Try to combine a low RPM (or adjustable) fan for cool air intake at the front (before the HDDs, to cool them too), with a higher RPM exhaust fan at the rear.
This is to induce slight negative pressure inside the case, almost guaranteeing a lower overall internal temperature.

If you have a fan hole on the side panel and a graphics card you want to cool, there are a few options. As my card has its own Zalman cooler, all my side panel has is a low RPM 120mm exhaust to 'persuade' the air on this side of the graphics card to come straight out, as opposed to flowing with the collected stream of heat from my HDDs, RAM, chipset and CPU. Do bear this in mind if you add a card or need your present card cooler, its uber effective without disturbing the main flow of air too much.


----------



## djmango2 (Jul 3, 2008)

there are so many ways of improving your case mod, even without spending 200 bucks on lights or whatever. 

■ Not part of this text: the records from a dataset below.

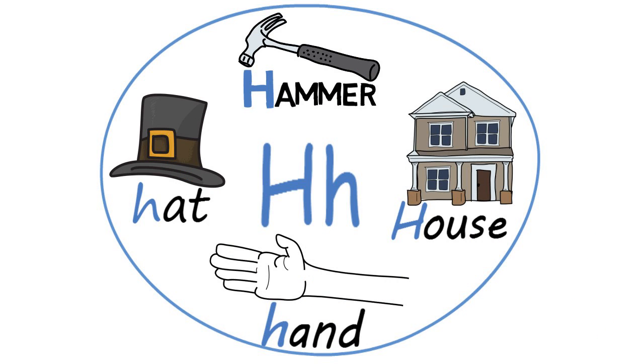All of these things start with the letter H. House, hat, hammer, and hand.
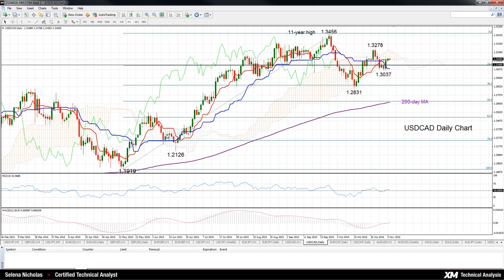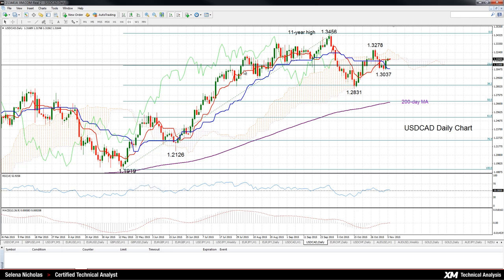But if we look at the bigger picture, the market has corrected 23.6% of the uptrend from May, from the low of 1.1919 to the high of 1.3456 — an 11-year high that was hit back in September.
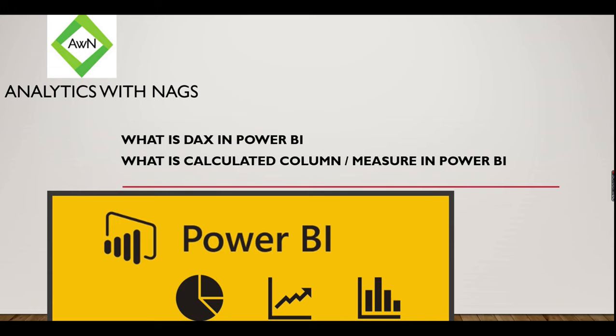Welcome to Analytics with Nux. In this video we're going to see what is DAX in Power BI. If you are looking for what is a calculated column or measure in Power BI, this is the video for you.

e.g., buy 2 small disco ball (those mirror things) and 2 colored spotlights (which dont heat up!), get 'em inside your case and there you go with the brand new disco case!


----------



## JIMAZZ (Jun 7, 2008)

ok stress freesoul sounds good but im in Perth, AUSTRALIA and maybe not too close to the $200 side of things a little cheaper than that. i am goin to try an get a square hole cut out on the side panel and the top panel, tidy up all the wires in side it, maybe get a mini strobe light and disco ball at the end of it all and install some steel microfly mesh. i have alredy put a pc fan in front of the power supply and that really cooled that down but i have left the top cover off. what is something really cheap.


----------



## forcifer (Nov 20, 2005)

if you have a dremel kit you can install a new window on the top panel or something.


----------